Remember that outside of what the teen mags would have their readership believe the Beatles and the Stones were friends. They were the closest in fame levels and the only ones who could release anything and get it close to number one if not at the very top. And camped on the twin mountains of the height of 60s rock fame they almost only heard each other. "So who are you getting do your cover? Michael Cooper? We'll give him a go, too, then." They went to the same parties and recording sessions (which could be the same thing) and shared everything they could. Beyond touring, they formed the most exclusive club in the cultural world, a kind of pop culture Illuminati. If one did something the other was going to have a taste, too.

Nik Cohn had this relation perfectly. While the Beatles were perceived to balance each other out from the motherable Ringo to the ascerbic John the Stones didn't balance they were nasty heavy, shook off the matching suits and glared at their audiences. If you take Sgt Pepper with its Good Morning Good Morning to add sour to its Lovely Rita then you can expect Satanic Majesties to follow the dissonant opening number (featuring John and Paul on rowdy, un-fabslike backing vocals) with its even weirder formless reprise at the end of the side. If the Lantern was long so was the chirpy jam with a mini song in it that came straight after. Sgt Pepper was the Beatles 1967 album. Satanic Majesties was the Stones'. That's really it. The Beatles put a doll in a Stones fan jumper. The Stones imposed tiny copies of the Beatles from the Pepper gatefold in the decor and costumes of the SM cover.

But there's something else. If you play both albums together you might get the impression that you are listening to the apex of the summer of love's pop music. The real picture is that the groundswell of newer and younger acts had made it to their own studios and staged their own psychedelic happenings by the truckload. From the accessible like the Move or Syd's Pink Floyd to the obscure, avant garde and dangerous from the realm where being a force in the local underground scene and being a local star could be indistinguishable.
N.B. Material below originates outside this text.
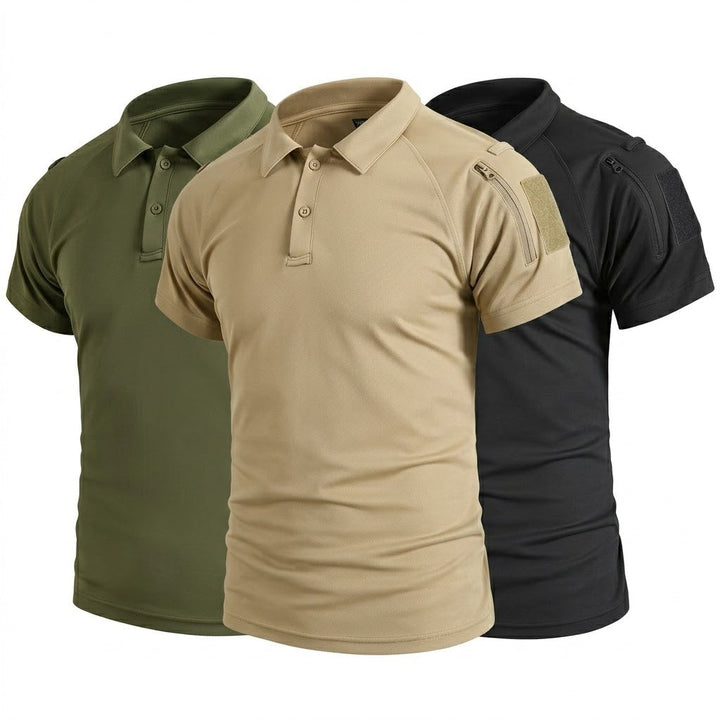 Lot de 3 polos homme UPF 50+ à séchage rapide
The Captain Beefhearts, Arthur Browns or even the rapidly rising Jimi Hendrix were assuming the centre of the performing world that the two at the top of the oligarchy were directly threatened by. The rivalry felt at the top of the mountain didn't just go horizontally and the response to it had more panic than magisterial confidence.

Rolling Stones: The First Big Three: #2 BETWEEN THE BUTTONS


If Aftermath was a celebration of the arrival of the band in the Swinging London aristocracy Between the Buttons is life looked the morning after. The glasses and bottles piled like bombing rubble, unfamiliar bodies slumbered naked in some beds as the warmth of hasty exiting bodies faded from other beds, a lot of promises made at three a.m. formed like patchwork quilts on the dawn walk home. They were still at court and it was still fun but there was business, a lot of business and all of it had to be documented.

The Beatles had stopped touring because they could. They locked themselves in at Abbey Road and worked on translating the sounds from outer space that they would polish for the coming year. The Stones also eased out of their live shows, playing the last contracts and settling in for the trappings of majesty before getting hounded by the constabulary in 1967. This album was recorded in the last half of 66 and came out in January 67.

Where it stands in the ether around the compilation track listings is the bit where they get to Have You Seen Your Mother, Baby, Standing in the Shadow. Compare it to the one preceding Aftermath and something interesting happens. Paint it Black (I refuse to put the stupid comma in) is a lean, mean and spooky chant of grief. For all its sitar lines, extra bass and Gregorian modality it's something the fabs would never have done. It's a rock song that sounds like it was first performed in 1458. As such it has more to say to Black Sabbath than the mop tops.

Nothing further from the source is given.